Seven States that May Tax Student Loan Cancellations

For millions of Americans, the news that President Biden was going to forgive student loans brought a huge smile to many faces. A great excuse to pop a bottle of bubbly and dance to Biggie. For me personally, this is a huge help. I had decided to go back to school in my thirties when I changed careers, and I have been paying a good amount off every month for the last five years. As I write this, my wallet is throbbing in pain from the PTSD payments.

However, the great news will not be as sweet for millions of Americans in seven states because they might have to pay income tax on all those canceled loans. If people have $10,000 forgiven, they could owe an additional $500 in taxes. If they are forgiven $20,000, they could owe up to $1,000.

This extra tax could hurt many Americans who are already struggling to get by with high inflation, rent, and interest. According to Colin Stroud, who lives in Madison, Wisconsin, and qualifies for $10,000 debt cancelation, “A lot of people anticipate some return and depend on that at the end of the year to get that money back. So if that gets wiped out, I could see that really disrupting people’s financial planning.”

Before 2021, student debt cancellation was taxed at the federal and state levels since it was considered a form of income.

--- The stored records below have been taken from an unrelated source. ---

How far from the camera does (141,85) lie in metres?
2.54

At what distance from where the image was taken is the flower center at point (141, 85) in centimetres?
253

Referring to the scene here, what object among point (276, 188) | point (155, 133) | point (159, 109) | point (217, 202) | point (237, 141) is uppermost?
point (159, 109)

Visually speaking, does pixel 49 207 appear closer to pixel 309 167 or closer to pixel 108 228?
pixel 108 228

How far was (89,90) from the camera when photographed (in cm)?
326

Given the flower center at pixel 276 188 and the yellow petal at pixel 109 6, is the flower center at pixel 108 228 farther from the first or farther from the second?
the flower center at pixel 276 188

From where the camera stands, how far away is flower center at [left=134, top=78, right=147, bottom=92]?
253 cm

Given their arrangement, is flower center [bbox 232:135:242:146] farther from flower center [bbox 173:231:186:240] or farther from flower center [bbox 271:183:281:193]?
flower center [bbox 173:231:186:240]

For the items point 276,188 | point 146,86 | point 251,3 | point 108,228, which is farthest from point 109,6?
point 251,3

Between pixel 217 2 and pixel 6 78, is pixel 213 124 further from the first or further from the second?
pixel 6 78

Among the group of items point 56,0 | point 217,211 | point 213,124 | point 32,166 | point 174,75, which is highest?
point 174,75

However, in March of 2021, the American Rescue Plan was passed, and until 2025, student debt will not be considered taxable income at a federal level.

This is all great; however, seven states are going against the federal laws and are looking to tax the debt relief.

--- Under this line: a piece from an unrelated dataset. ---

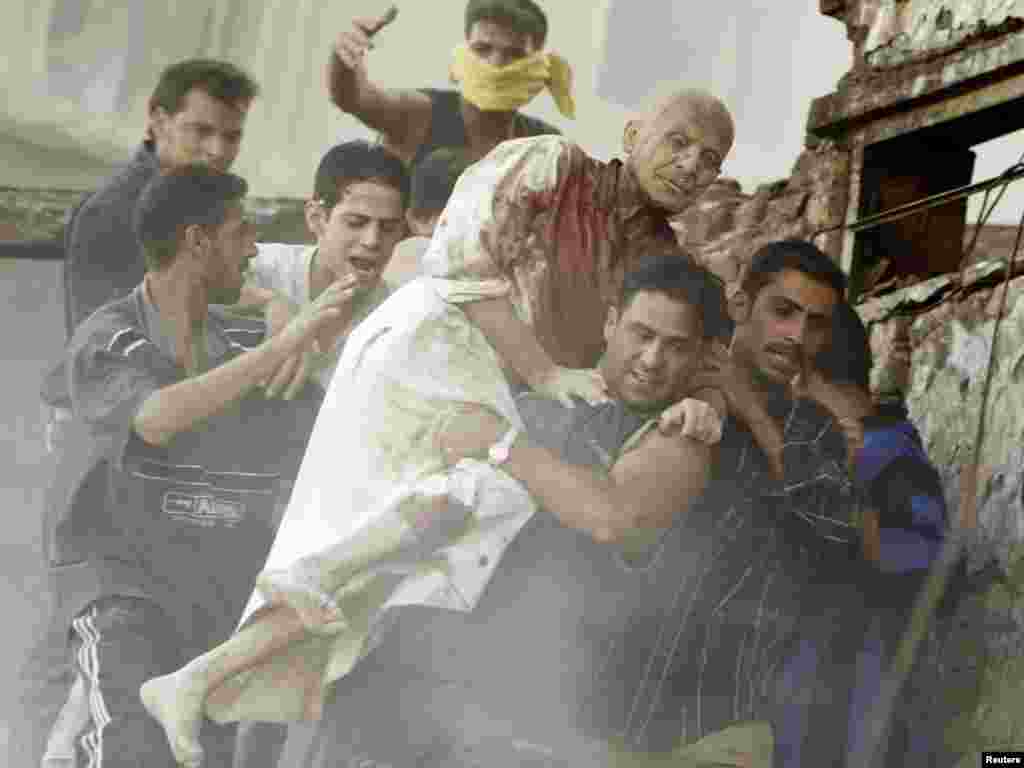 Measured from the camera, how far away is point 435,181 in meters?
9.42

What States Might Tax the Loan Forgiveness?

North Carolina

The Tarheel State has always done things on their own terms. Although North Carolina follows federal law, they have decided to tax student debt relief.
Similar to North Carolina, Indiana has decided to go against Congress and list any loan forgiveness as taxable income.


Unlike many other states, Mississippi doesn’t follow federal tax policies. So any changes that were enacted during the American Rescue Plan do not affect this state in any way. As a result, they plan to tax the canceled loans.


Like Mississippi, Arkansas’ tax policy does not follow federal policy, so there is no mandatory tax exemption planned soon. However, they plan to review their current tax laws at the beginning of early 2023.
The land of lumberjacks and Prince-themed pancake specials, has an interesting situation. They do follow federal tax policy; however, the policy they follow is out-of-date — going back to 2018.

Although the Governor tried to update the tax laws during the last legislative season, it was not passed, and until they make serious updates, student loan borrowers will be taxed.


Minnesota’s cheese curd neighbor also follows outdated tax policy. In their case, it is from 2020, just a few months before the American Rescue Plan was introduced. Both Wisconsin and Minnesota could technically change their laws before tax season next year; however, this would take a lot of work and compromise.


It’s crazy that one of the most liberal states in the country that constantly is trying to push progressive agendas might have to tax millions on their student debt relief. California, like Minnesota and Wisconsin, conforms to older federal tax codes. In their case, it’s from 2015.

On a positive note, the California government is aware of the adjustments they need to make, and in a Tweet made on September 9th, 2022, Speaker Anthony Rendon said, “Rest assured, one way or another, California will not tax the federal student debt relief.”

So What Does This Mean?

Well, it looks like millions of Americans will not only have to pay taxes on their student loan forgiveness but the states that tax these people will not have a clear and concise way of letting these borrowers know that.

In the past, the government would send out a federal 1099-C form to millions of borrowers, but now the federal government has asked student loan companies not to issue those forms. This makes it so many people in the seven mentioned states might not know if they have to pay taxes on that debt forgiveness, and they may owe even more because they are not notified of what they need to do, and they have to deal with late payments.

In the end, we hope that no one is taxed on their student loan debt relief and we are given the tools we need to succeed. When over 2 million people owe more than $100,000 and 500,000 owe more than $200,000, things need to change.

In the past, America flourished when it gave affordable opportunities to everyone. Now, it seems like you have to have a silver spoon to have a chance.